Set down, character for character, everything in the records below from the line holding "BUKTI JACKPOT SLOT" down to the line holding "Контейнер с чернилом", and no other line.

** Provided records **
········

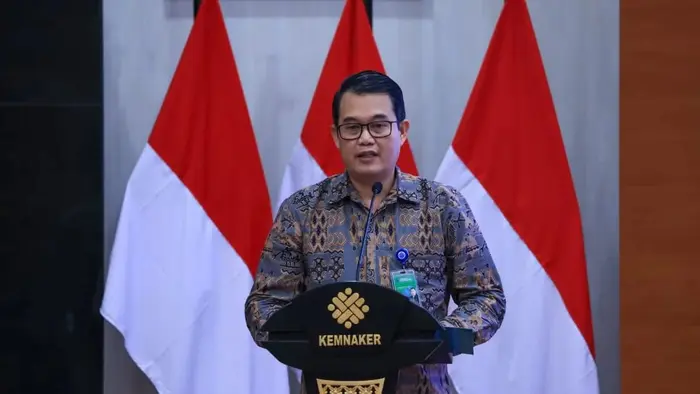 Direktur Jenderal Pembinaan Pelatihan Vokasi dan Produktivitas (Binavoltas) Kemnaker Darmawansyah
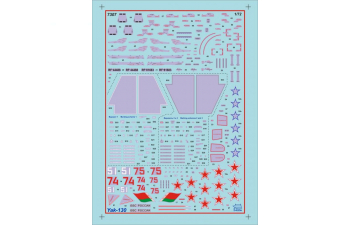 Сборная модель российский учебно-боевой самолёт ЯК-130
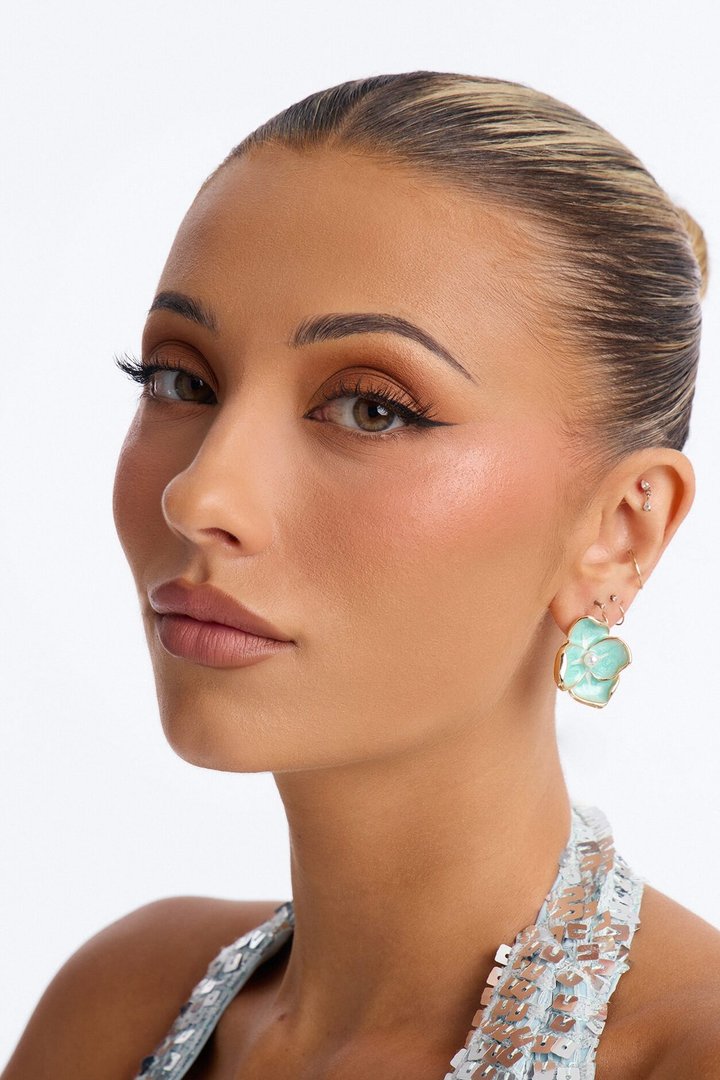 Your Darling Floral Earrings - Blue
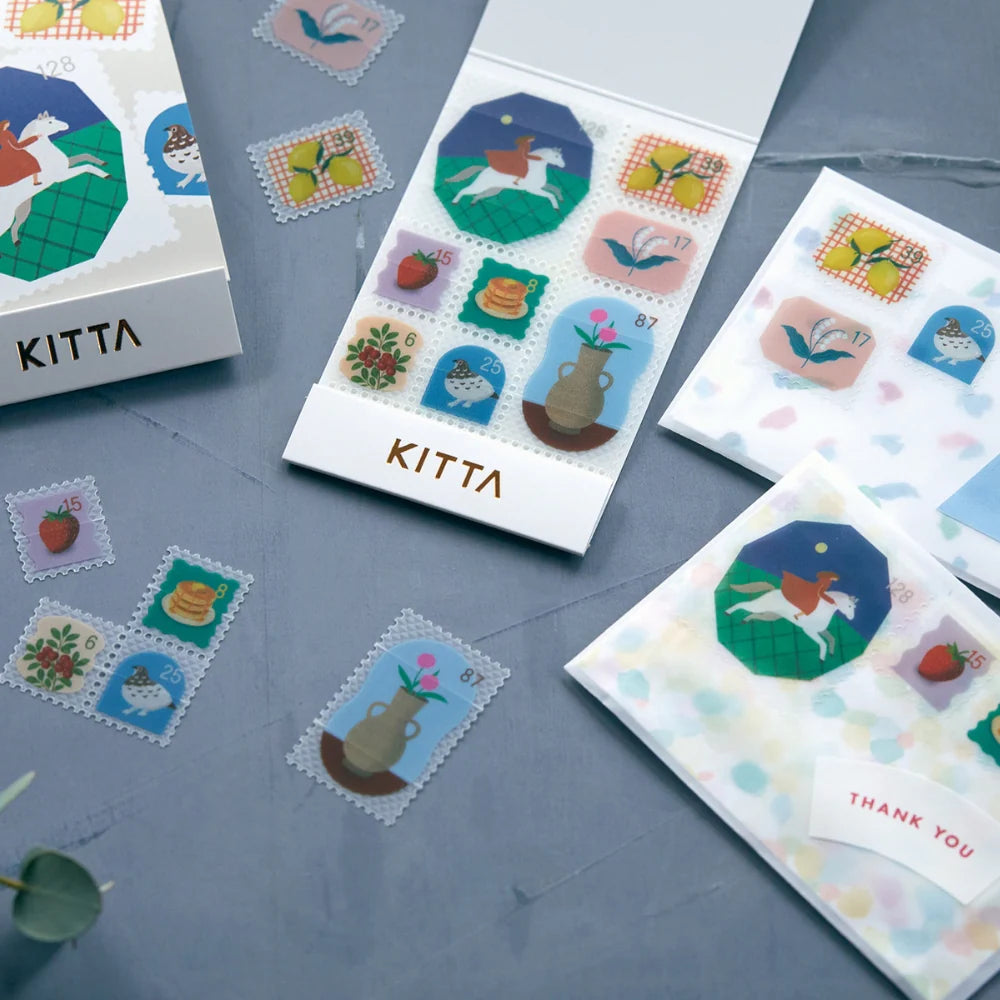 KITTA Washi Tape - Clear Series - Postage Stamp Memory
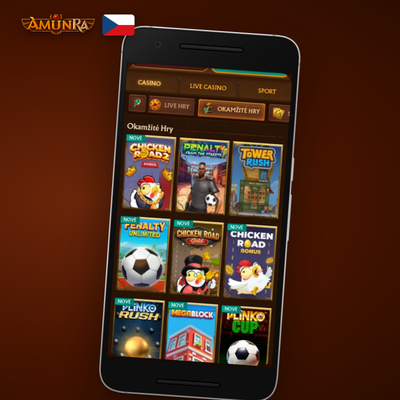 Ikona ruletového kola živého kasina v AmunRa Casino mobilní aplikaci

········

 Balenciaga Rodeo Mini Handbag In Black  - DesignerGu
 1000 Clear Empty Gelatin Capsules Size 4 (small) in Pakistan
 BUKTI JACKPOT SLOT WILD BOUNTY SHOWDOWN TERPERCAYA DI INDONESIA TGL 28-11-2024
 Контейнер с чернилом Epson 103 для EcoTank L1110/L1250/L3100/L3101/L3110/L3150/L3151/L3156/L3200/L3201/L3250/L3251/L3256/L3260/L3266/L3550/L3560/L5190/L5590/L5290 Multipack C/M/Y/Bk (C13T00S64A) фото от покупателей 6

········

** Result for this task **
 BUKTI JACKPOT SLOT WILD BOUNTY SHOWDOWN TERPERCAYA DI INDONESIA TGL 28-11-2024
 Контейнер с чернилом Epson 103 для EcoTank L1110/L1250/L3100/L3101/L3110/L3150/L3151/L3156/L3200/L3201/L3250/L3251/L3256/L3260/L3266/L3550/L3560/L5190/L5590/L5290 Multipack C/M/Y/Bk (C13T00S64A) фото от покупателей 6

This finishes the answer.